- **YOUR INSTRUCTIONS**
In the entries that follow, find the line containing "2120 Ramrod Avenue, Unit" and the line containing "Girl in white", then copy exactly everything from the first through the second except the pictures.

------ PROVIDED ENTRIES

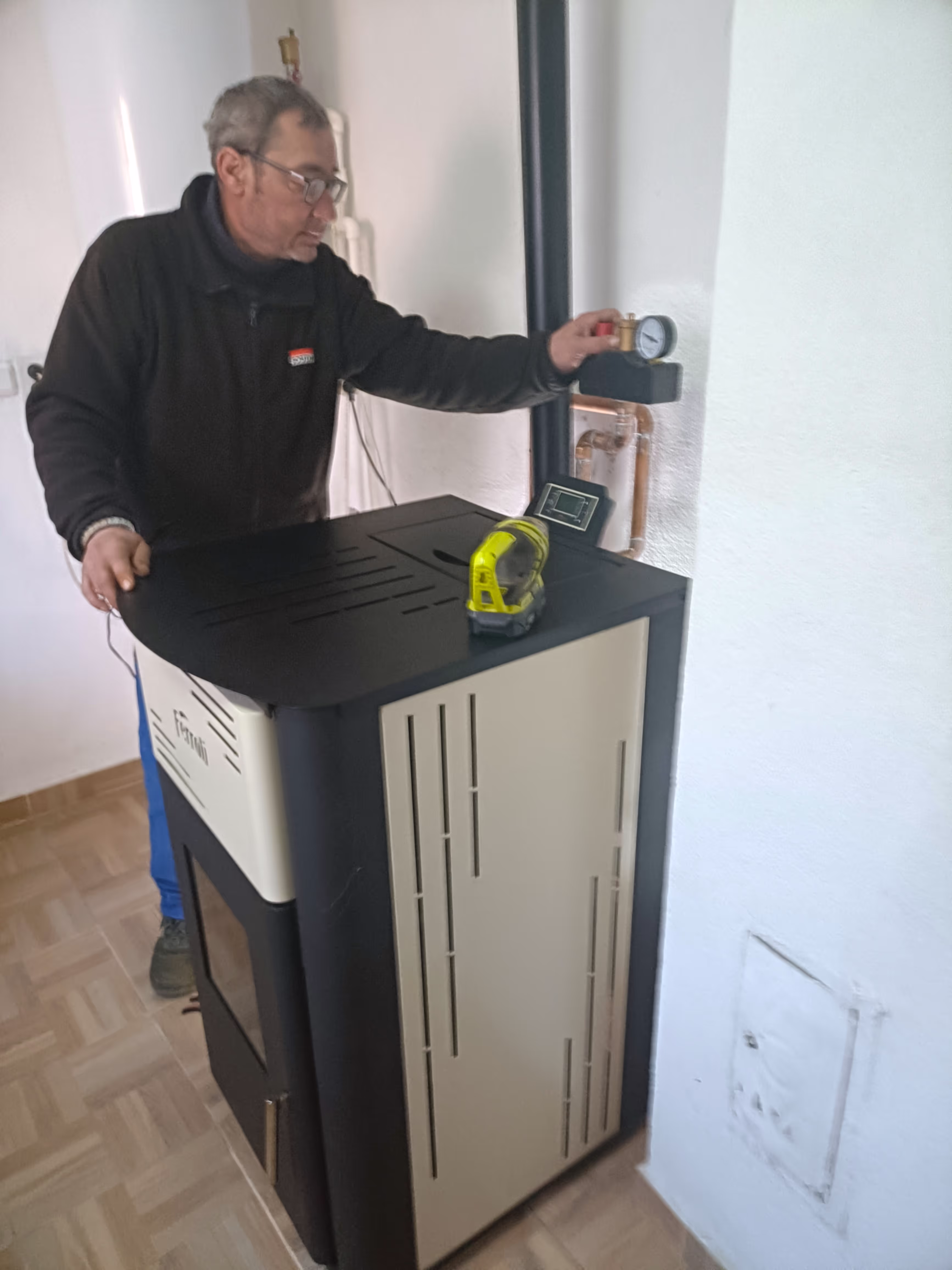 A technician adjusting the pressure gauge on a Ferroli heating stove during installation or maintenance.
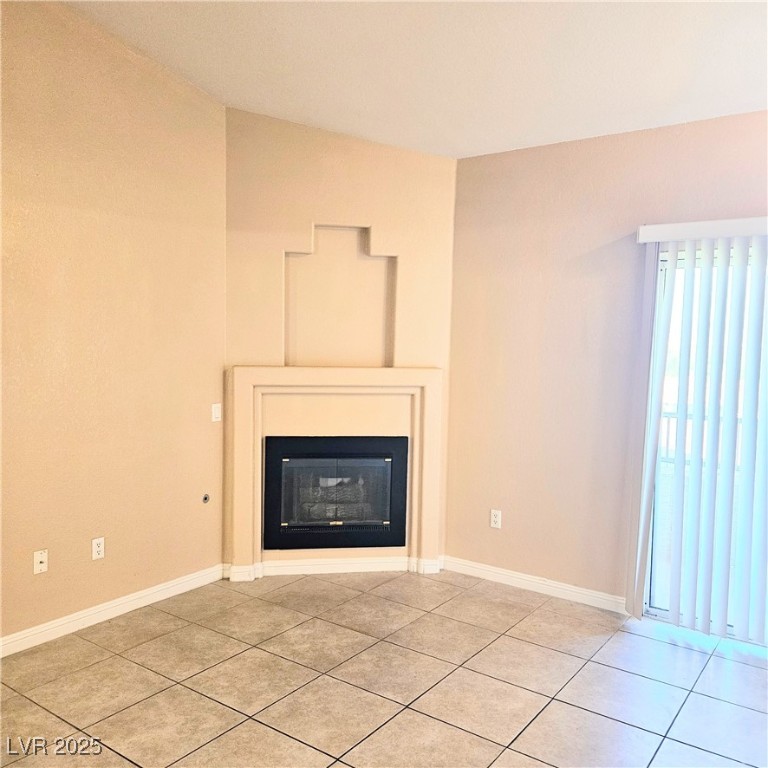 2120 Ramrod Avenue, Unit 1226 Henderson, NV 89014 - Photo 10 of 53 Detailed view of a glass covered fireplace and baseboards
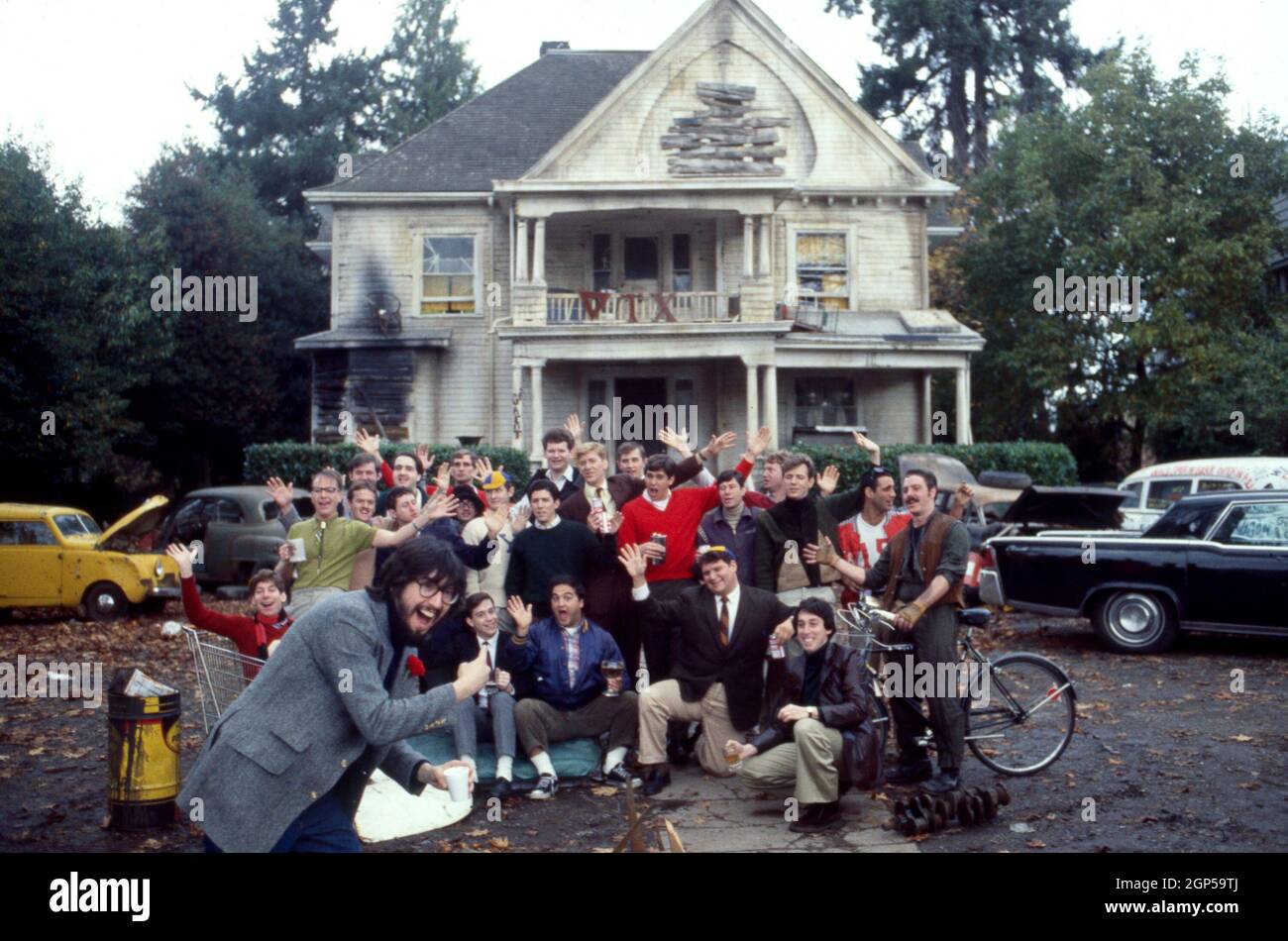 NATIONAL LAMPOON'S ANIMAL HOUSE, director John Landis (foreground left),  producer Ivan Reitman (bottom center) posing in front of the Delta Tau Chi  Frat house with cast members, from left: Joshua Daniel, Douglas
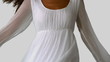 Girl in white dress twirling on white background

------------
------ PROVIDED ENTRIES

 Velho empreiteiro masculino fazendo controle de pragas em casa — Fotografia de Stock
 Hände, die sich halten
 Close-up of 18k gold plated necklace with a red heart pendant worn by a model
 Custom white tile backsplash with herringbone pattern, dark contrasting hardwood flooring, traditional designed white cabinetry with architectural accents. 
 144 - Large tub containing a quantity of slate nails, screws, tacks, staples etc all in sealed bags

------------

- **SOLUTION TO THE PROBLEM**
 2120 Ramrod Avenue, Unit 1226 Henderson, NV 89014 - Photo 10 of 53 Detailed view of a glass covered fireplace and baseboards
 NATIONAL LAMPOON'S ANIMAL HOUSE, director John Landis (foreground left),  producer Ivan Reitman (bottom center) posing in front of the Delta Tau Chi  Frat house with cast members, from left: Joshua Daniel, Douglas
 Girl in white dress twirling on white background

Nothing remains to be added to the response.